# Finnex StingRay?



## ermpickle (Dec 29, 2016)

Hi there, I am considering upgrading my single t8 to a stingray fixture. If you have one do you like it?
I have a 29 gallon 18" tall so will this be strong enough to reach the bottom? I have low light plants (java fern, anubias, dwarf sag). I do not use co2. I do use root tabs and liquid fert.


----------



## Kampo (Nov 3, 2015)

it would be similar light to your t8. I'd look at a planted + I run one of those on my 29 and it works great.


----------



## Krispyplants (Apr 15, 2014)

Kampo said:


> it would be similar light to your t8. I'd look at a planted + I run one of those on my 29 and it works great.


This is not true. T8 is way weaker. Check my signature thread. It's on a 12" tall tank. Though I do agree that it won't be much of an upgrade.


----------



## jrill (Nov 20, 2013)

The stingray will be just fine with your low light plants.
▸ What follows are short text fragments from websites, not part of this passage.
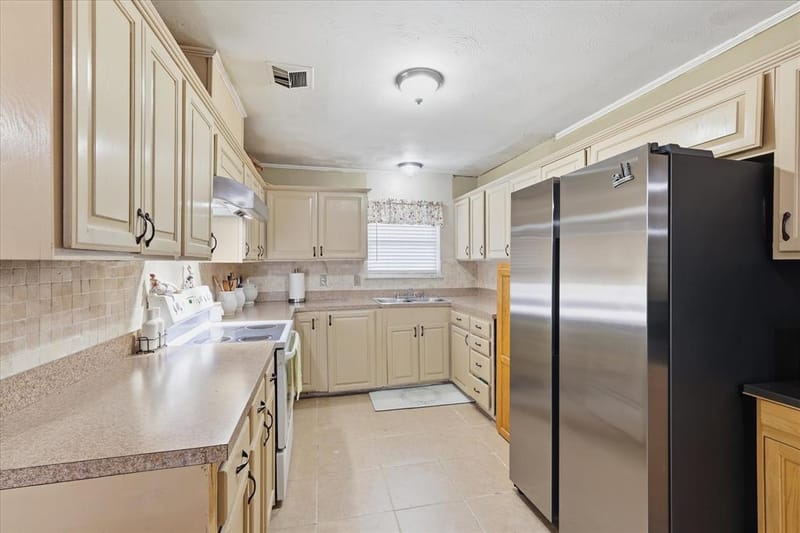 2800 Brockbank Drive, Irving TX 75062 - Photo 15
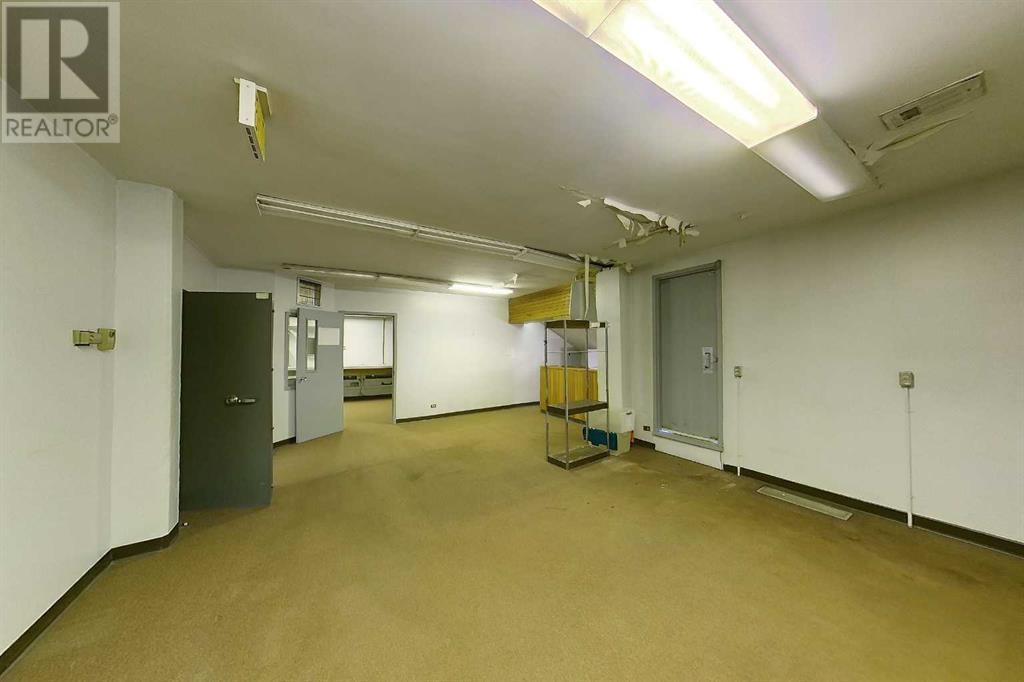 320 50 Street Property Photo 20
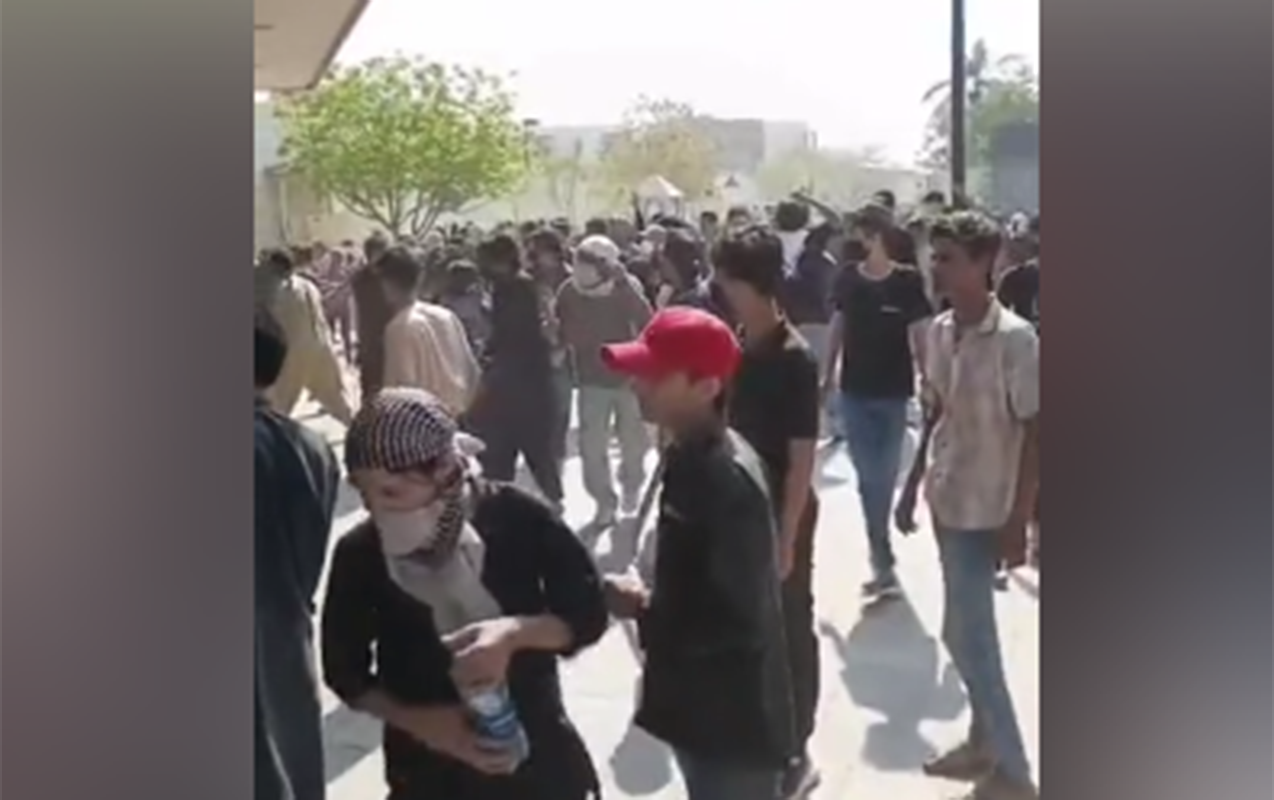 pakistanda-abs-konsullugu-qarsisinda-etirazlar-olub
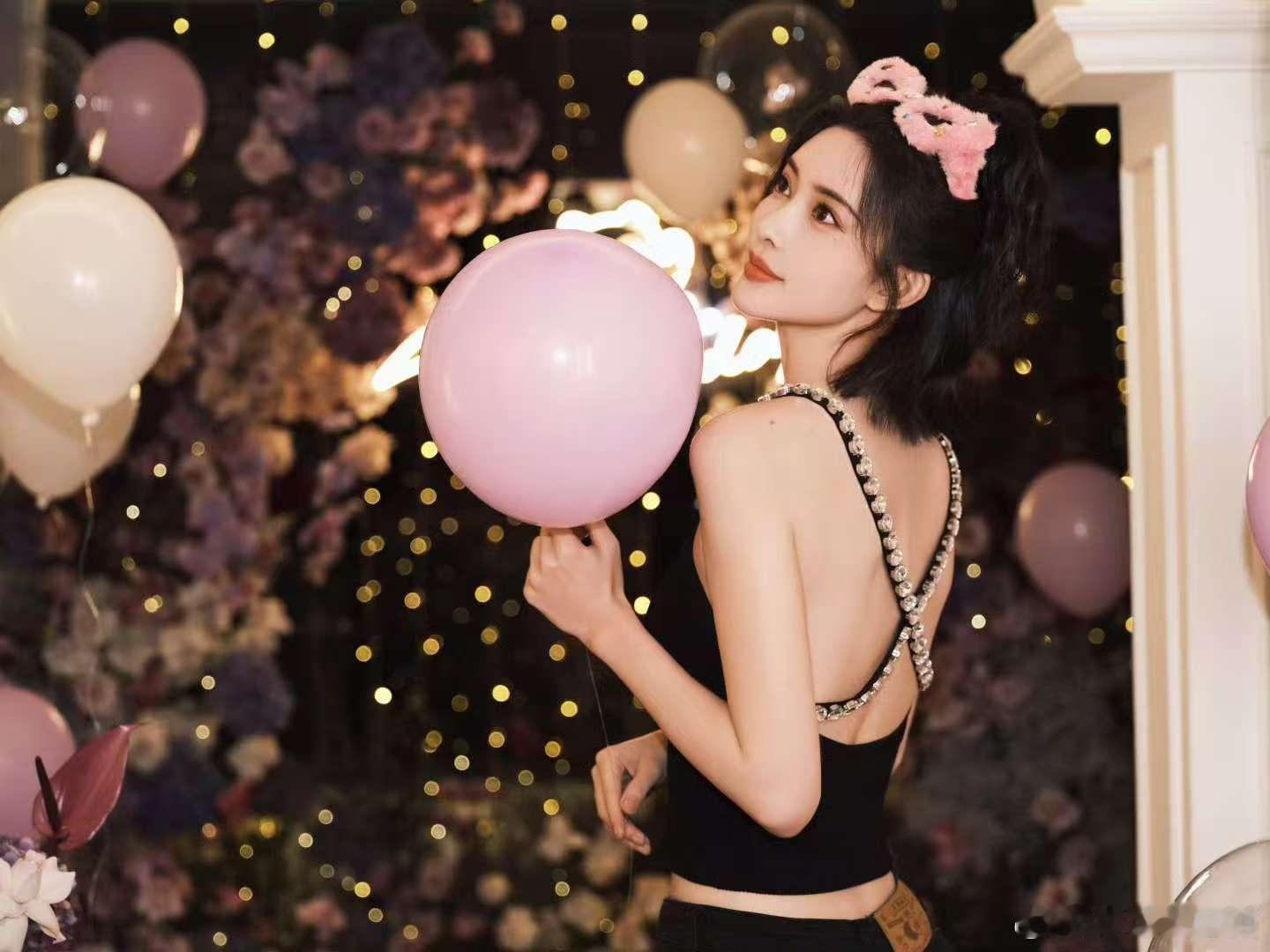 孟子义说宠物是自己选择的家人     湖南卫视跨年晚会 孟子义通过跨年晚会平台，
Sent from my XT1585 using Tapatalk


----------



## ermpickle (Dec 29, 2016)

I honestly think anything would be better than my t8 at this point lol. 
What are your opinions on the Vivagrow DN? It seems fairly close to the finnex 24/7, a little dimmer but closer to my price range


----------



## CaliAquarist (Jan 1, 2017)

I have a finex stingray 24 inch its fine for low tech plants I grow stuff alright


----------



## goodbytes (Aug 18, 2014)

I have powered a few tanks with Stingrays very successfully--a couple 20 highs and a 55 long. Currently all 3 of those fixtures are on my 55 now to get better spread and punch down to the bottom better. With those plants a Stingray would be just fine but if you're going to use one make sure you give your plants all the help you can by placing them off the substrate on driftwood or rocks and using a full 2 or 3 inches of substrate. The Dwarf Sag though I don't have much experience with and I can't say I'm certain it would thrive under a Stingray. If you plant some tall, low tech stem plants in the back though they're really great at reaching for the light so a Stingray is great for appropriate stems. Wisteria, Water Sprite, low light Hygros, and Rotala are what I'm currently using under my Stingrays but the Rotala grows very thin stems. Still looks good though.


----------



## ermpickle (Dec 29, 2016)

Okay cool, thank you for the advice!!  I have about 2 inches of sand and probably 3+ in the back. I think I'm going to get a Vivagrow 30" for my lightly planted low light tank and a Stingray for my Walstad tank that I'm starting.
How do you get your stem plants started? I've never had good luck with them. I actually had some wisteria a while back.. I put it in the sand with root tabs underneath and a couple started to grow roots but then they kept getting pulled up by my cories and the stem would rot when I put them back in the sand.. I eventually just threw them all out  Do you know what I should do instead?


----------